Долго ему оставаться у освещенного забора было опасно. Я поспешил ему на помощь. С трудом, за ноги, когда он поднялся, перевалил его через забор. Он рухнул на той стороне и громко застонал. Потом надолго затих. Лежит мертвым. Ну, думаю, кончится у забора — мне вообще тогда хана. Когда — нет, некоторое время спустя, смотрю, оклемался и в прямом смысле порачковал через школьную спортивную площадку в темноту ночи. Если в течение часа не будет никакого шума, значит, все удалось. Хожу и молюсь: только бы он не наткнулся на кого-нибудь, только бы добрался до сестры…
Стало светать. Я поправил брезент на трупах бандеровцев, обследовал забор. Плющ подпушил, чтобы у него был естественный вид. А несколько стеблей со следами крови аккуратно удалил. Спрятал себе в карман. И страшно волновался, как пройдет сдача дежурства. Ты знаешь, волновался так, как не волновался даже при закладке мин. Там, на дороге, волнуешься в начале. А потом наступает момент, когда ты ничего не видишь, кроме мины и рельсы. Но помнишь: тебя подстраховывают друзья. Тут я был один. Перед собственной совестью: один решил — один исполнил. Ну, если не считать дядьку Богдана. Стал обдумывать, что мне отвечать на случай, вдруг обнаружат пропажу. Трупы я по счету не принимал. Сколько их там привезли, сказать не могу. Много. Может, десять. Может, больше. Точно не знаю.
Дежурство прошло без происшествий. Утром побежали наши сотруднички. Бегут, бегут в свою контору. Кто с больной головой, а кто, может, уже и опохмелился. Все шло своим чередом.

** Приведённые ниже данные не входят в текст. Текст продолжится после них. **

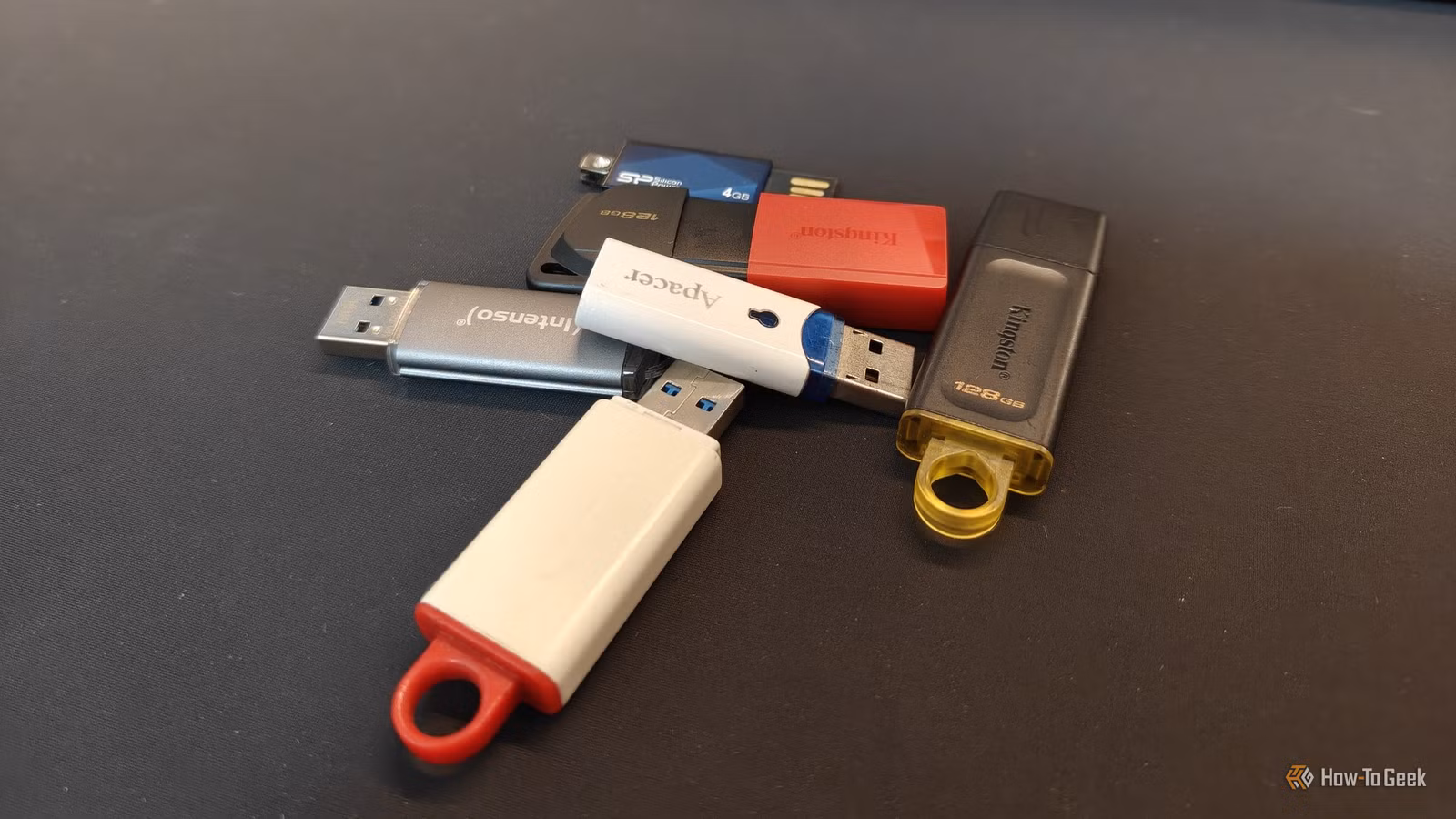 5 Tasks Where Old 1GB USB Drives Beat Modern Storage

В восемь ноль-ноль я сдал дежурство и отбыл домой. Но душа ж все равно не спокойна. Анютка уже ушла на работу. Спать я не мог. С часу на час я ждал, что вот-вот за мной явится машина и меня увезут в наши подвалы. Я хорошо знал, как там умеют допрашивать. Только к вечеру я заснул.
На следующий день с видом, как ни в чем не бывало, я вышел на работу. Смотрю, трупов нет, уже увезли. Двор, как обычно, прибран и вымыт. Кажись, пронесло. Слава тебе, Господи!
С месяц, наверное, я жил в постоянном страхе. Дядька Богдан не выходил у меня из головы. Добрался ли он до сестры? Жив или умер и тайно похоронен? Ведь он мог просто изойти кровью. Да мало ли как в такой передряге могла сложиться его участь. Но он как в воду канул и оставался для меня надолго в неизвестности.
Да. Это был 47-й год, тяжелый год. Тогда в Ковель понаехали тучи людей. Был же голод, и народ двинулся по стране в поисках куска хлеба. Но я-то не голодал. Я был сыт. Со мной другое происходило: не мог я больше стрелять в бандеровцев. Служба моя мне стала в тягость. Вот какой перелом наступил во мне после истории с дядькой Богданом. Одно дело были немцы — враги! Пришли нас покорить. Все ясно. А тут же свои, братья-славяне, — мудаки, блядь! Как же так?.. Нет, что-то тут было не то, перевернуто все как-то. Словом, подал я рапорт об увольнении. Говорю, старики, мол, слабы и зовут нас с Анюткой к себе. Начальство сразу ни в какую — тогда было трудно из органов уйти, — но потом отпустили. Собрали мы свои манатки и подались сюда, в Победоносное. Да, характеристику мне дали — Сатана лучшую не даст. Ну-ну. Чтобы я, значит, определился в родственные органы по месту нового местожительства. Нет, братцы, точка. Завязал я охоту на зайцев. Бумагу эту я засунул подальше в сундук и по приезду пошел на курсы механизаторов.